[Image-caption web data]
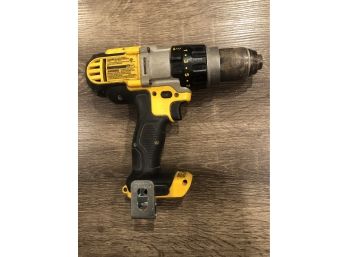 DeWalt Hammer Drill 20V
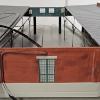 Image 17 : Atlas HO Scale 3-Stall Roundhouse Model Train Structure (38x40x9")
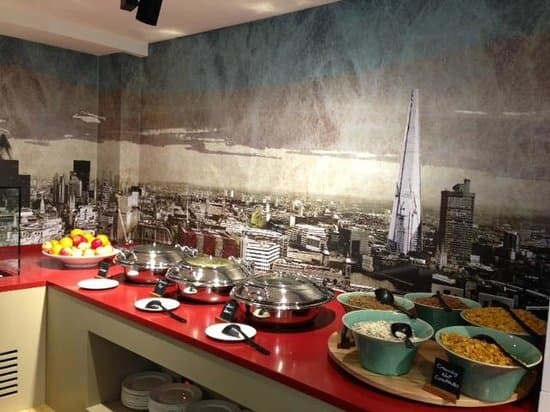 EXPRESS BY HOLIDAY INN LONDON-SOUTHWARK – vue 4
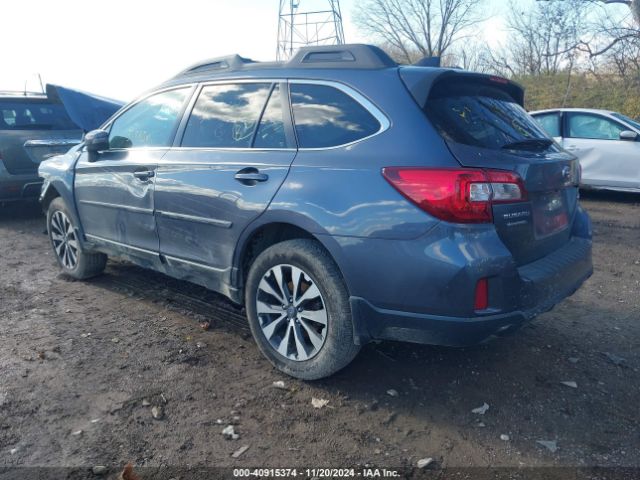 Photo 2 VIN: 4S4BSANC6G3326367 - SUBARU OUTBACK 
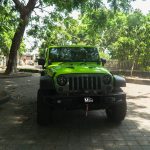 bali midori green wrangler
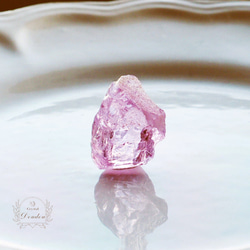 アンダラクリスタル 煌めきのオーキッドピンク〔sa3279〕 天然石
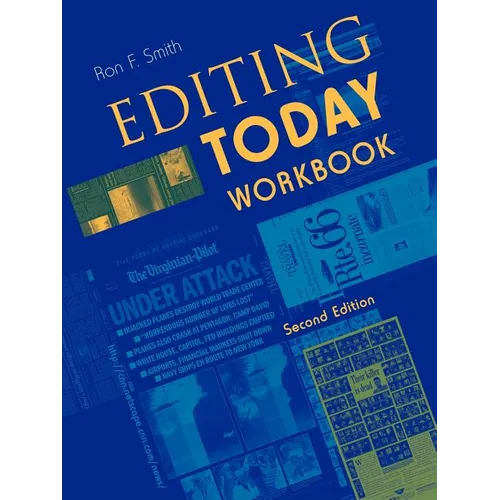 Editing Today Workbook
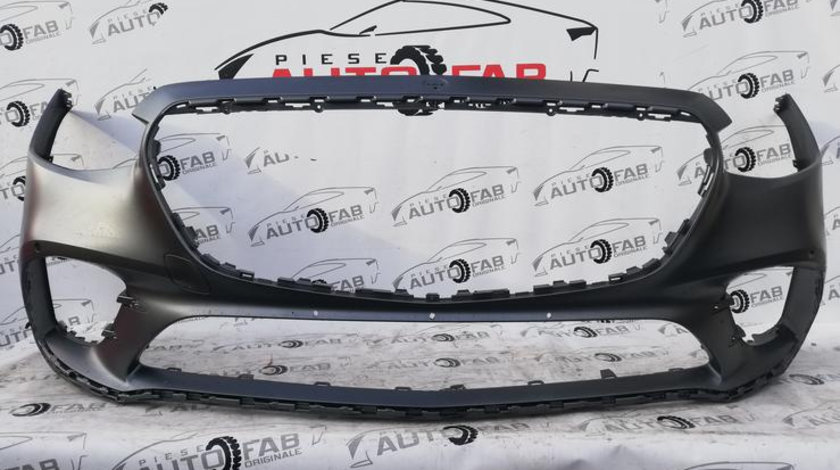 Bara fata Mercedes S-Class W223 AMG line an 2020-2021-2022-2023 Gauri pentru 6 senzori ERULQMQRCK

▶ WORK REQUEST
Once the line containing "Editing Today Workbook" is found, transcribe it and every line after it to the end of the records, exactly and with no pictures.

▶ FINISHED TASK
 Editing Today Workbook
 Bara fata Mercedes S-Class W223 AMG line an 2020-2021-2022-2023 Gauri pentru 6 senzori ERULQMQRCK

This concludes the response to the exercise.